Some of the “lost” tapes are augmented by old or, in a couple of cases, new interviews by friends and associates like bestie and Lassie and Cleopatra co-star Roddy McDowall, Debbie Reynolds and agent Marion Rosenberg. But the anchor is Taylor in her often charming and occasionally blatantly honest recollections for the taping sessions designed to be turned into an autobiography. Early days at MGM in 1942 are detailed including her story about desperately wanting the role in 1945’s National Velvet. That is very amusing, with her saying she went to great lengths — literally — to win the part despite being told she was too short. Thus she did a training regimen over the course of three months to “stretch” herself, eventually adding 3 inches and getting the role.

Among other memories Taylor shares was that her first real kiss was preceded by her first kiss onscreen by just a week. Taylor says the movie version was a lot better. Her first film as a grownup, rather than teenage roles, was in 1951’s certified classic, A Place in the Sun with Montgomery Clift, who would become another lifelong friend even though she was intimidated by his acting experience compared to hers. She reveals she never took a lesson.

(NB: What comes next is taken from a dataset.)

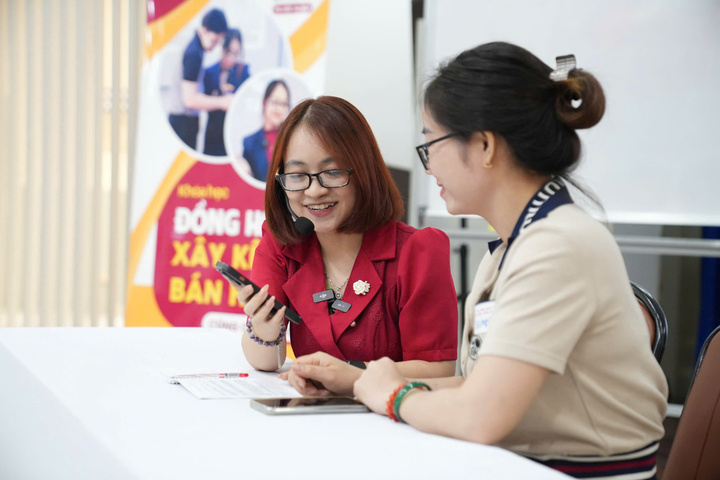 Với phong cách thẳng thắn, hài hước - đã từng gặp phải, Cô Ba Edit  đã khơi nguồn cảm hứng cho nội dung về “tiêu dùng tỉnh táo” trên TikTok.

The movie Giant five years later also was notable and also directed by George Stevens, with whom she would get into disagreements about her character. It starred yet another man who would become a lifelong friend, Rock Hudson, along with James Dean, who died during production at 24. She recalls telling the producers that she got word her co-star was dead, something she could not comprehend. There is also talk about how Taylor, an early champion against AIDS, felt comfortable her whole life with gay men, including close friends McDowall, Hudson and Clift.

1958’s Cat on a Hot Tin Roof was a blur because her beloved third husband Mike Todd had been killed in a plane crash two weeks into shooting. It was devastating as this was a man she truly loved. Burstein steadfastly chronicles each of the star’s famous string of marriages beginning with Nicky Hilton, then Michael Wilding, Todd and Eddie Fisher, who was married to Reynolds and the couple were good friends with the Todds. After his death Fisher grew closer to Taylor as both grieved the loss of Todd, eventually breaking up his marriage to Reynolds and wedding Taylor, who confesses she liked him but never loved the singer. That would be saved for her Cleopatra co-star Richard Burton.

The section detailing the ups and downs during Cleopatra, her near-death health experiences, the breakup with Fisher and his erratic behavior, and the marriage(s) to Burton are the film’s best, with Burstein and team precisely choosing just the right portions of the interview to tell the scandalous tale. That period also included winning her first Oscar for 1960’s critically reviled Butterfield 8, a part she hated but played with such anger at being in it that it worked to her advantage. “I won because I had a tracheotomy,” she said.

It all makes for a satisfying journey through one of Hollywood’s most memorable careers. There is the feeling of intimacy that makes this one special, if not exactly full of new revelations. Like the 2015 docu Marlon on Marlon , which chronicled 200 hours of recorded tapes by Brando, it is a valuable addition to our understanding of what made her tick. Taylor comes alive in different ways for this one, and she makes for very good company.

The producers are J.J. Abrams, Sean Stuart, Glen Zipper, Bill Gerber and Rachel Rusch Rich. The film make its North American premiere at Tribeca in June.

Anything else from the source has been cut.